DATA FOR THE TASK:
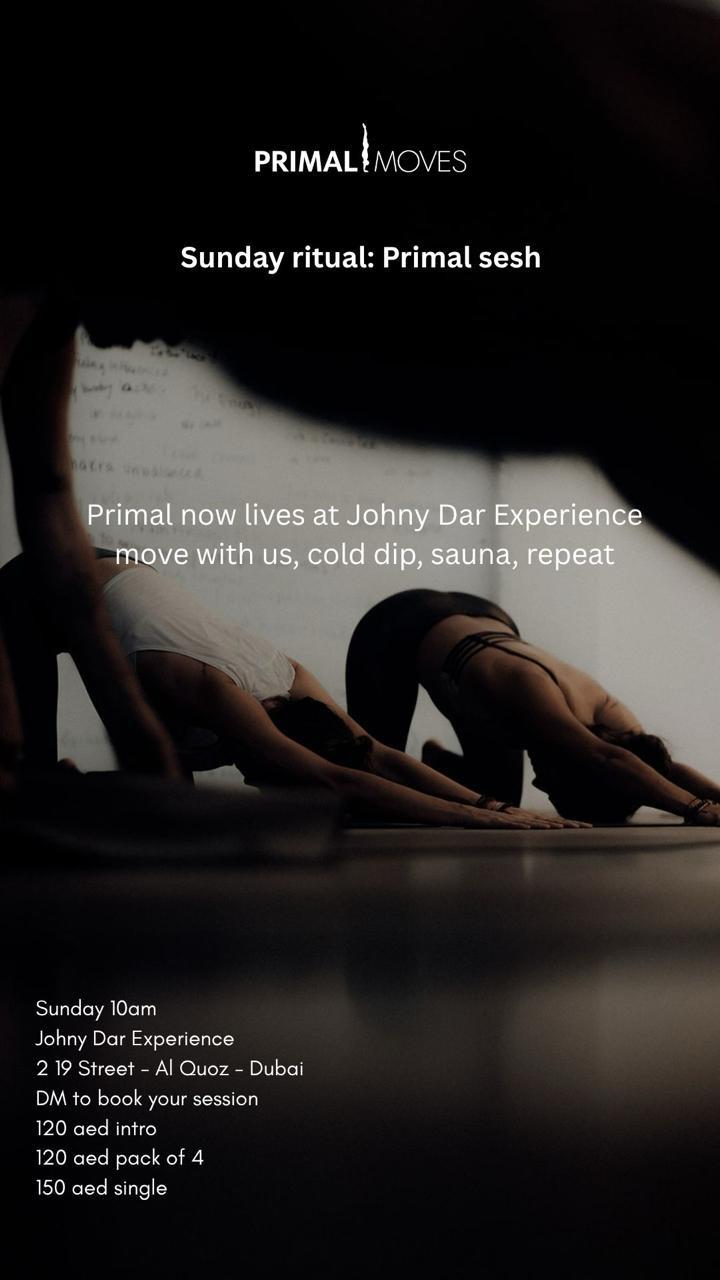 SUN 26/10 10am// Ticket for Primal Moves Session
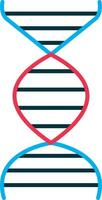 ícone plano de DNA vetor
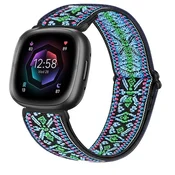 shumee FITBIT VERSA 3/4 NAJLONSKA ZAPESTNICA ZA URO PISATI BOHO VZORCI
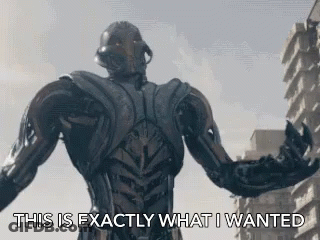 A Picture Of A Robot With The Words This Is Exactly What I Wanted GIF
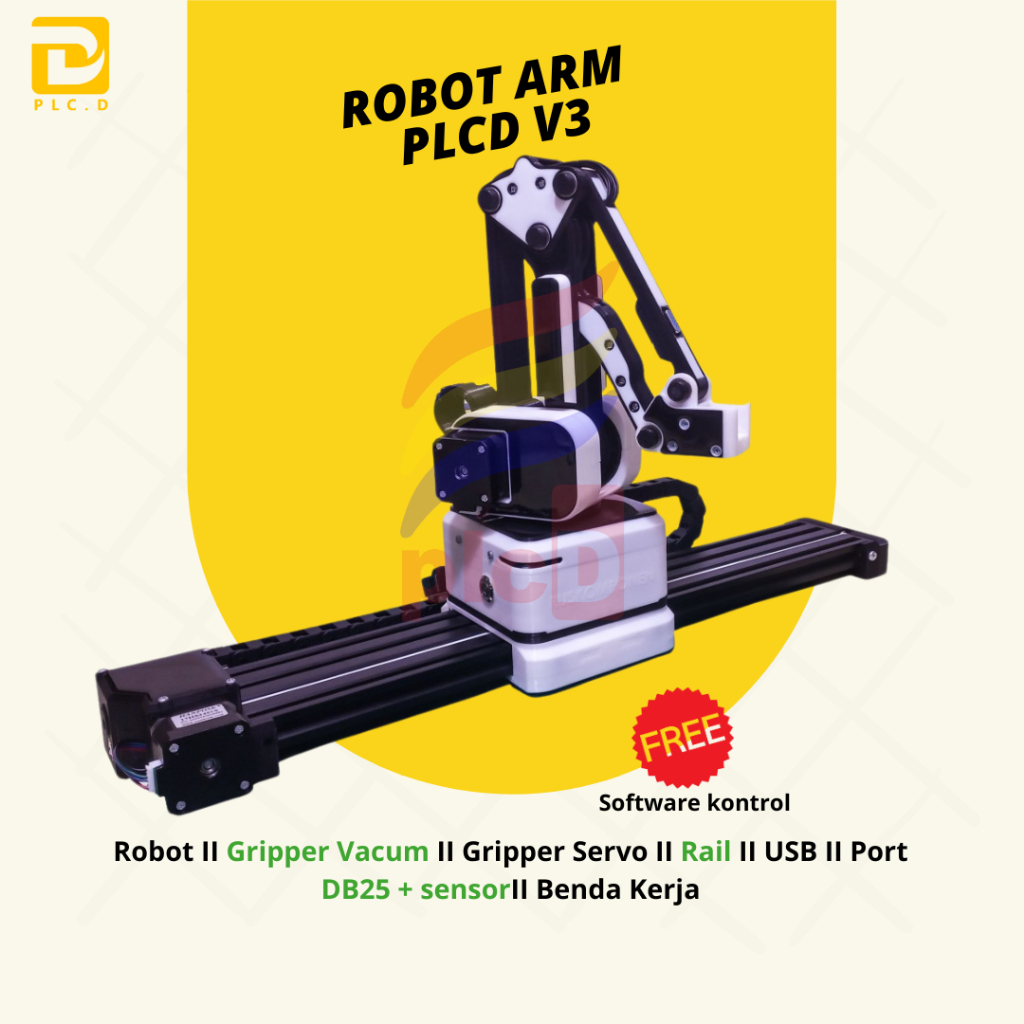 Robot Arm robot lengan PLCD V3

PROBLEM REQUIREMENTS: In the answer, include exactly the lines from the one containing "A Picture Of" through the end of the records above and no pictures at all.

EXPECTED OUTPUT:
 A Picture Of A Robot With The Words This Is Exactly What I Wanted GIF
 Robot Arm robot lengan PLCD V3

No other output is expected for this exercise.